- PROBLEM STATEMENT -
Every line containing "Luxury" should be identified and copied from the data below.
*** MATERIAL PROVIDED ***
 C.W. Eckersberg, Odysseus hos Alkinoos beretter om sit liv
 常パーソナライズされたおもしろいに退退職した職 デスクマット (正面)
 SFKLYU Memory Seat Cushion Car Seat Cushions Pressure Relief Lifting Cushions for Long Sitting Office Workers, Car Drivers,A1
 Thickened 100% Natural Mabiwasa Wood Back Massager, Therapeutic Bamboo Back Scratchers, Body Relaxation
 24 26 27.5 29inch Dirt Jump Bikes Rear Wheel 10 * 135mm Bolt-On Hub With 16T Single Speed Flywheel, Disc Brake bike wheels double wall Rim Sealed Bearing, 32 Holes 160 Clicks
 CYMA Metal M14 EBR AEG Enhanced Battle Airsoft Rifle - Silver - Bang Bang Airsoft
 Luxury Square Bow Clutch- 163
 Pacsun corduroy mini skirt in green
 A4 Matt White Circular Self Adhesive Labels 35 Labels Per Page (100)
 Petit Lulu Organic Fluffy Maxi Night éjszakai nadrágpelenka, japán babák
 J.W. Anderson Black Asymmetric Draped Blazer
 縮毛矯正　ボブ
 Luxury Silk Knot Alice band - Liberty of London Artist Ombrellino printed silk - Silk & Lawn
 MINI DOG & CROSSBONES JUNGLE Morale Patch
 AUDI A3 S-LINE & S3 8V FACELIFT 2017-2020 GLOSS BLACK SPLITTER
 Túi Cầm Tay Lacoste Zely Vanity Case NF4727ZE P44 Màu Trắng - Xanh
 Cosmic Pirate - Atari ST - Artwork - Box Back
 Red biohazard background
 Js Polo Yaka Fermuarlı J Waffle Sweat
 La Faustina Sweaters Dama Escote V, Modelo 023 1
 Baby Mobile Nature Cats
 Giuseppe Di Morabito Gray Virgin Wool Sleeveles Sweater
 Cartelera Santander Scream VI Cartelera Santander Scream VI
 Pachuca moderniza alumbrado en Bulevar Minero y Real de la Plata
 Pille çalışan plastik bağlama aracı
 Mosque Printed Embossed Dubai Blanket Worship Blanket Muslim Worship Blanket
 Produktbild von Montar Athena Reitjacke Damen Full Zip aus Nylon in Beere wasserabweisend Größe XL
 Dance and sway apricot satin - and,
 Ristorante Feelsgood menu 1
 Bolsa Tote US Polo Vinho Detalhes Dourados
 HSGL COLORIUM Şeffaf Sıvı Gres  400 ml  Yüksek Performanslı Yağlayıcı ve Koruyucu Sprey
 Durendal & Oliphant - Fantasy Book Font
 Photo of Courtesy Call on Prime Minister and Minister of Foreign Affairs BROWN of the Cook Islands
*** End of MATERIAL PROVIDED ***
- EXERCISE RESPONSE -
 Luxury Square Bow Clutch- 163
 Luxury Silk Knot Alice band - Liberty of London Artist Ombrellino printed silk - Silk & Lawn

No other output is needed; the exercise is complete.